Required action:
Find the line containing "Kuşadasıspor’da bayrak değişimi" in the listing below. Repeat it exactly, along with each following line up to and including the one containing "Bemalte Innendecke der".

Information given:
%%
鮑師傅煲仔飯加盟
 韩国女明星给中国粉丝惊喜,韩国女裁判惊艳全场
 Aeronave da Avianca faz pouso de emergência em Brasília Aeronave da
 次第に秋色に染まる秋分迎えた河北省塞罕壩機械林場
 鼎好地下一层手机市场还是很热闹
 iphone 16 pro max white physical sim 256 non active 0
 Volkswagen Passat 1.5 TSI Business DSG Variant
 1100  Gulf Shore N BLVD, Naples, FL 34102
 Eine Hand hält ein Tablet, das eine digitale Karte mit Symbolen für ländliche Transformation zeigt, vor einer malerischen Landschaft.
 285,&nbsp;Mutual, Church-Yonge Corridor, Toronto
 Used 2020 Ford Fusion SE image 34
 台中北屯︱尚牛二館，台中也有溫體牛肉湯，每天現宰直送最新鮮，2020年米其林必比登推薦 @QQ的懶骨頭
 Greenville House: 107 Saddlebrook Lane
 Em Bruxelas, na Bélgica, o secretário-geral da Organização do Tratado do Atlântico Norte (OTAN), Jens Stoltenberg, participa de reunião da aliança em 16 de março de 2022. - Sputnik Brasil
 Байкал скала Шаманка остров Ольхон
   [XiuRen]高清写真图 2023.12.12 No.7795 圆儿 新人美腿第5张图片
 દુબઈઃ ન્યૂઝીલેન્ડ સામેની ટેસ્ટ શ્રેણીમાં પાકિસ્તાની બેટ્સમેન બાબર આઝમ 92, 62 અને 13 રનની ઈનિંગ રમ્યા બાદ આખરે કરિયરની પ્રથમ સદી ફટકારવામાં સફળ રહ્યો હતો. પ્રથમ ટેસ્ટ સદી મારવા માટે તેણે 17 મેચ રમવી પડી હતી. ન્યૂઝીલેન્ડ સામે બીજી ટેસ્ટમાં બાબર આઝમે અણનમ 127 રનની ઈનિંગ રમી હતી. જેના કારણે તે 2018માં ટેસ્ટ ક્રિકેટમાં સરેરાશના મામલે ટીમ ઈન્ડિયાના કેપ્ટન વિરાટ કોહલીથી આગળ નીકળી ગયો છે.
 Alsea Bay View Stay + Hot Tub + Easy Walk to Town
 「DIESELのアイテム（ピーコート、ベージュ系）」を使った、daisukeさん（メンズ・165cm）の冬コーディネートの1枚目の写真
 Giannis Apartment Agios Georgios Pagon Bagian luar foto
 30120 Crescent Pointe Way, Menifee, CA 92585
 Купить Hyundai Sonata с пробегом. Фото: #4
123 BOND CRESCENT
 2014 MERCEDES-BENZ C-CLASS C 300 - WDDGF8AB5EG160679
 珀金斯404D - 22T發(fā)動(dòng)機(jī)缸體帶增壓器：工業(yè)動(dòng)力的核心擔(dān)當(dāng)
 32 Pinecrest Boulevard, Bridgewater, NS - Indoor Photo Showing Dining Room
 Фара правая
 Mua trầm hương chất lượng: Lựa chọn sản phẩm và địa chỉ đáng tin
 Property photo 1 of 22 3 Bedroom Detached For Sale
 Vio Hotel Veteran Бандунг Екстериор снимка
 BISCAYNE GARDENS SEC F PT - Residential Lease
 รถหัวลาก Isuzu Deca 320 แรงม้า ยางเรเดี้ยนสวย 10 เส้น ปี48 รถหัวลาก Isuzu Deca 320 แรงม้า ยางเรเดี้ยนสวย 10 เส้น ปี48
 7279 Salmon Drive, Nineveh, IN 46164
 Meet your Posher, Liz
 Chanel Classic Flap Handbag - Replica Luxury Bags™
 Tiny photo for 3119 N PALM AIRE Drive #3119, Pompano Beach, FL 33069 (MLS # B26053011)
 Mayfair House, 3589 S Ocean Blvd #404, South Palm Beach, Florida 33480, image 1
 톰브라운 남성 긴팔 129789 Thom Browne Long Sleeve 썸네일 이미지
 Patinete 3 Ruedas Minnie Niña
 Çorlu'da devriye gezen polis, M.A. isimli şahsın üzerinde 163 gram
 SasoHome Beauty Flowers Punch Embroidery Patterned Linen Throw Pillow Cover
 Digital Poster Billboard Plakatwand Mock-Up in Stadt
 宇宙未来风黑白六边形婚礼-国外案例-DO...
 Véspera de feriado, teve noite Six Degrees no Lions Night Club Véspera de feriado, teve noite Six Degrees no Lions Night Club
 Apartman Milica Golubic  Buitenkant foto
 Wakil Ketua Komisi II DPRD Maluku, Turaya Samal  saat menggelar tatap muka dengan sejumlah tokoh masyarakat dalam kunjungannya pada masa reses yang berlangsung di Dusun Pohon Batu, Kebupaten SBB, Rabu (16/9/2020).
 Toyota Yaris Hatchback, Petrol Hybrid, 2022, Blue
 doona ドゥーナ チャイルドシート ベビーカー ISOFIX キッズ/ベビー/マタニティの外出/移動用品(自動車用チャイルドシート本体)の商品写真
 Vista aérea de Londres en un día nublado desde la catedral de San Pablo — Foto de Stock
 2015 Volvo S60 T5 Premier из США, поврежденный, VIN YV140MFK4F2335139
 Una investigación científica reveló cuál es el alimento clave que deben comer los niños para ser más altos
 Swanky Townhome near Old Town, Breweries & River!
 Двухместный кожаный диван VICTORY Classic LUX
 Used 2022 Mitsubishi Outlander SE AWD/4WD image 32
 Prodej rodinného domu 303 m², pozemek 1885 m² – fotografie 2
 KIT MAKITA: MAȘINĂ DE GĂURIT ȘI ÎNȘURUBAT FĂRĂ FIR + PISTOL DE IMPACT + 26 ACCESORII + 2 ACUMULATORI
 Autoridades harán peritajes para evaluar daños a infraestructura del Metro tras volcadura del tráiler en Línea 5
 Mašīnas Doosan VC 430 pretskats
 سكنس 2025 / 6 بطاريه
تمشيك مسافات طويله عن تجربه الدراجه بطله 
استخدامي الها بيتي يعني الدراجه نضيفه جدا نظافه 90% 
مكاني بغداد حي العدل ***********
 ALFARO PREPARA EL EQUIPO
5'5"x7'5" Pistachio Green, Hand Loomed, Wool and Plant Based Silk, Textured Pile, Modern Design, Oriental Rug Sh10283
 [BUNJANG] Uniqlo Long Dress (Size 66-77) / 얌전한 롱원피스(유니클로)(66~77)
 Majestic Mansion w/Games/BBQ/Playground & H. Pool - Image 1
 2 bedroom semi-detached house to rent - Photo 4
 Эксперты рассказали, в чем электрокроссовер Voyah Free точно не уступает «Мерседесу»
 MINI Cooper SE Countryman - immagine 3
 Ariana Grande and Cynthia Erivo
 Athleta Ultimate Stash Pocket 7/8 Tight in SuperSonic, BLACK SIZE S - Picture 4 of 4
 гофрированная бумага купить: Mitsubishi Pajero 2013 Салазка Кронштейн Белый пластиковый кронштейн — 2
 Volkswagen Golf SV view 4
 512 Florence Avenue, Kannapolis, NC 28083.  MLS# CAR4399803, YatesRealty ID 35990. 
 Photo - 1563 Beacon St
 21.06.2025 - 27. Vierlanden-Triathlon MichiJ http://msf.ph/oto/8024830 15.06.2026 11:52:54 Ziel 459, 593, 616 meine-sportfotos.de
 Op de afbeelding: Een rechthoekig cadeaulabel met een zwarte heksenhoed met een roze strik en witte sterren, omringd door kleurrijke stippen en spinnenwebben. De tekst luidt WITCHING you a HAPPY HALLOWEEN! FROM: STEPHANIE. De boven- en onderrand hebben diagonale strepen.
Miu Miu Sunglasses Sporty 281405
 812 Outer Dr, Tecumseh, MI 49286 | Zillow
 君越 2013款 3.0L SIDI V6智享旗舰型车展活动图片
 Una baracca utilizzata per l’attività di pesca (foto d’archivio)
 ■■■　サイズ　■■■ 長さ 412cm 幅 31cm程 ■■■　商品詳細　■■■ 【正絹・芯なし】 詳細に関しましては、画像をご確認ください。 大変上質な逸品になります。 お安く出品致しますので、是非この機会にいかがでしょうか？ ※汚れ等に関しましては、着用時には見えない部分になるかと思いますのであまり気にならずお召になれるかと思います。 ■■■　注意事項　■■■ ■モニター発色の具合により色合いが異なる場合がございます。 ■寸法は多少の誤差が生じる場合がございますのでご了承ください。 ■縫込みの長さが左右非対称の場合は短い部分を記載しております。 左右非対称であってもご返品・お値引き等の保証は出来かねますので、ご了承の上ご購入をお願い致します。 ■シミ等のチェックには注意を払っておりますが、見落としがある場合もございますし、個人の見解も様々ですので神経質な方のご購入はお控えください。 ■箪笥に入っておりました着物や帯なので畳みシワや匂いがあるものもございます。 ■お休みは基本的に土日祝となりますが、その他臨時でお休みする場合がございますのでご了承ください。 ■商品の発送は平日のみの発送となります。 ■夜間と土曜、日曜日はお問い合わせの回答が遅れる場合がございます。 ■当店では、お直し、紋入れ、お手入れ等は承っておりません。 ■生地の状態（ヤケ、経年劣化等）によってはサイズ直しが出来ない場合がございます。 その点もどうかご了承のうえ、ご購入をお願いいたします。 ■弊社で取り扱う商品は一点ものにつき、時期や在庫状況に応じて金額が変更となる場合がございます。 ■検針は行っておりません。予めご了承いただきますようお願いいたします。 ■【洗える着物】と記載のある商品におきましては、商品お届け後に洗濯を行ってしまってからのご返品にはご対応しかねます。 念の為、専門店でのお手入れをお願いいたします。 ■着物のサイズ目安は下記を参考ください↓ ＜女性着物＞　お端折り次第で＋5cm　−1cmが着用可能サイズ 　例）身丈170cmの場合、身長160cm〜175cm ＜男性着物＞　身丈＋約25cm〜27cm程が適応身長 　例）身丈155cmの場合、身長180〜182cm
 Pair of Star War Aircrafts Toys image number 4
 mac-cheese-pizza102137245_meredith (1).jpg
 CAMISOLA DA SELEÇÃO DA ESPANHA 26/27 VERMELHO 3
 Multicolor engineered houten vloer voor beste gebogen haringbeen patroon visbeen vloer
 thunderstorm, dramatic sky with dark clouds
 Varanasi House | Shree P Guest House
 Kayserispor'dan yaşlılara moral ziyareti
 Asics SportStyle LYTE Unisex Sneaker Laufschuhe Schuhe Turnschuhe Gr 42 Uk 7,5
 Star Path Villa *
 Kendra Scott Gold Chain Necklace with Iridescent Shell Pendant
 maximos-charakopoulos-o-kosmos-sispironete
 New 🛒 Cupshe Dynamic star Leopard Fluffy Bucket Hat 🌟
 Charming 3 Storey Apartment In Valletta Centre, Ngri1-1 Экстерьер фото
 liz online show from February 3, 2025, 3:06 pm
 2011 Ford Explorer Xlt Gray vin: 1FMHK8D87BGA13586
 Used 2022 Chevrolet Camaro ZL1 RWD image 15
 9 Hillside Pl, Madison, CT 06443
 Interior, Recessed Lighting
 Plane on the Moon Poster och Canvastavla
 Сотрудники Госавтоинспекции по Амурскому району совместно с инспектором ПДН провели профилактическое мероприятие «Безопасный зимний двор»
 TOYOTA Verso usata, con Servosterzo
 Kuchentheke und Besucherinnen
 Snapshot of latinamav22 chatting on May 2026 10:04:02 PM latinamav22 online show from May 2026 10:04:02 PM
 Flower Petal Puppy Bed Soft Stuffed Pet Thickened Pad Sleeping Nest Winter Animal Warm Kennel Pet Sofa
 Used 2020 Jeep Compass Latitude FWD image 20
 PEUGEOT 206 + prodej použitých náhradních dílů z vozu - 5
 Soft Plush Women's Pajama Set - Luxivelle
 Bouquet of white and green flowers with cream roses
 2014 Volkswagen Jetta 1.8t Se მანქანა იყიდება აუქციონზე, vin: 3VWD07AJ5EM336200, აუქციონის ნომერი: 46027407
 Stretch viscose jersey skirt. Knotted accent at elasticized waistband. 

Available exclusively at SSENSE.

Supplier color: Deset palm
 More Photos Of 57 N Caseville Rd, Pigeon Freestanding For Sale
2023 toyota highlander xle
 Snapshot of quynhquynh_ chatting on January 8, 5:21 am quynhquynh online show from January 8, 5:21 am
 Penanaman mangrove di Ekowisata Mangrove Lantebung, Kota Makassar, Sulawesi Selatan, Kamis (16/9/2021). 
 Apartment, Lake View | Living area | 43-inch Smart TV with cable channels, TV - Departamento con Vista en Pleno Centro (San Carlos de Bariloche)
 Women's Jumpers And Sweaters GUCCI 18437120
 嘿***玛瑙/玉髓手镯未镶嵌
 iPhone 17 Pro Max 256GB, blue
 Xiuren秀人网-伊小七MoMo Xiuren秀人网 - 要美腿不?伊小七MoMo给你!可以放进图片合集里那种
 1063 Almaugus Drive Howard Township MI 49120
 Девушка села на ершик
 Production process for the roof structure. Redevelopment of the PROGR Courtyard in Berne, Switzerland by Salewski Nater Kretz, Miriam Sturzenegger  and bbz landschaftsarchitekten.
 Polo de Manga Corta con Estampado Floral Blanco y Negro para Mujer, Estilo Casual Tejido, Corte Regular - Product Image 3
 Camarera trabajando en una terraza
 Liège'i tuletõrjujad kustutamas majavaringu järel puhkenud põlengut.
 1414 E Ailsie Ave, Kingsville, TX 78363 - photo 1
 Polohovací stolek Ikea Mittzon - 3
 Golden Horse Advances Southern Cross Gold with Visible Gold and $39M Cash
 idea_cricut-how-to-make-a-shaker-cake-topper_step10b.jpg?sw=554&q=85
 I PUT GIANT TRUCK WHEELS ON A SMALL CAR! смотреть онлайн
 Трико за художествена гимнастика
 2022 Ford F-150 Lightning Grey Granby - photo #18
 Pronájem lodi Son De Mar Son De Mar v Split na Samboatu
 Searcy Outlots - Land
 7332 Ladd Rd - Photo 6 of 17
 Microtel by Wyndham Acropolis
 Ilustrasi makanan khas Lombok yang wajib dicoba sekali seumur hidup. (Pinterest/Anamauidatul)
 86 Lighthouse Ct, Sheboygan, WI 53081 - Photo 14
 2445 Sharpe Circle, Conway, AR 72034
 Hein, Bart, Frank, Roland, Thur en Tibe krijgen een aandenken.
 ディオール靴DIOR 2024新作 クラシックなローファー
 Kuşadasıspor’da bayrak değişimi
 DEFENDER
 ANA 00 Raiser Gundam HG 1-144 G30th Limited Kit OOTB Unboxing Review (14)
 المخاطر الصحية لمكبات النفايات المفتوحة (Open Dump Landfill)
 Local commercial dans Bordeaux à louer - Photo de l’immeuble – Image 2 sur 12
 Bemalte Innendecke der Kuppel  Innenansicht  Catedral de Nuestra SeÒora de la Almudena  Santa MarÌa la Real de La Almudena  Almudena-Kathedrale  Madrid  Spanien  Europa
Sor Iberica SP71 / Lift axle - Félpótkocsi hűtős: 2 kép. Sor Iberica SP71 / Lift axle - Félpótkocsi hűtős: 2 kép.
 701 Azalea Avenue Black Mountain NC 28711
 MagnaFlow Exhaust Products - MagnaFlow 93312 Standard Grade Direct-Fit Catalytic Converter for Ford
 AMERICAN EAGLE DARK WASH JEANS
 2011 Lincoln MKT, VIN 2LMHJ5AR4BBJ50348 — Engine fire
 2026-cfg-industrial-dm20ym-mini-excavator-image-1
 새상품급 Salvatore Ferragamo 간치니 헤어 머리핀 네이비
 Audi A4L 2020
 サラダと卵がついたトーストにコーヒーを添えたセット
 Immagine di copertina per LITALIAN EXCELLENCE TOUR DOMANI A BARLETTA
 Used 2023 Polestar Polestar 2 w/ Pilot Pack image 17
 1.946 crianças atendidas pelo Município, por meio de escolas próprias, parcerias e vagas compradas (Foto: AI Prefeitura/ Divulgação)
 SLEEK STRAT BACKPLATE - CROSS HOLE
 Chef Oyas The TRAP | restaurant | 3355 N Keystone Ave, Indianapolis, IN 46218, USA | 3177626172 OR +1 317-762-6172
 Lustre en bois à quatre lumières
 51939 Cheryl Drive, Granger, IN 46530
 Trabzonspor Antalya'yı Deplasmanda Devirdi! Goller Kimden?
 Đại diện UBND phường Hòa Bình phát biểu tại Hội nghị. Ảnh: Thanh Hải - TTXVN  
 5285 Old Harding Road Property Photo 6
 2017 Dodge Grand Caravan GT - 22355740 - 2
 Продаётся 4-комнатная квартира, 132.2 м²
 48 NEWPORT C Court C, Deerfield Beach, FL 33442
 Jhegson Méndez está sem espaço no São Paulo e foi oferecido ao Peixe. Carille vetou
%%
Your solution:
 Kuşadasıspor’da bayrak değişimi
 DEFENDER
 ANA 00 Raiser Gundam HG 1-144 G30th Limited Kit OOTB Unboxing Review (14)
 المخاطر الصحية لمكبات النفايات المفتوحة (Open Dump Landfill)
 Local commercial dans Bordeaux à louer - Photo de l’immeuble – Image 2 sur 12
 Bemalte Innendecke der Kuppel  Innenansicht  Catedral de Nuestra SeÒora de la Almudena  Santa MarÌa la Real de La Almudena  Almudena-Kathedrale  Madrid  Spanien  Europa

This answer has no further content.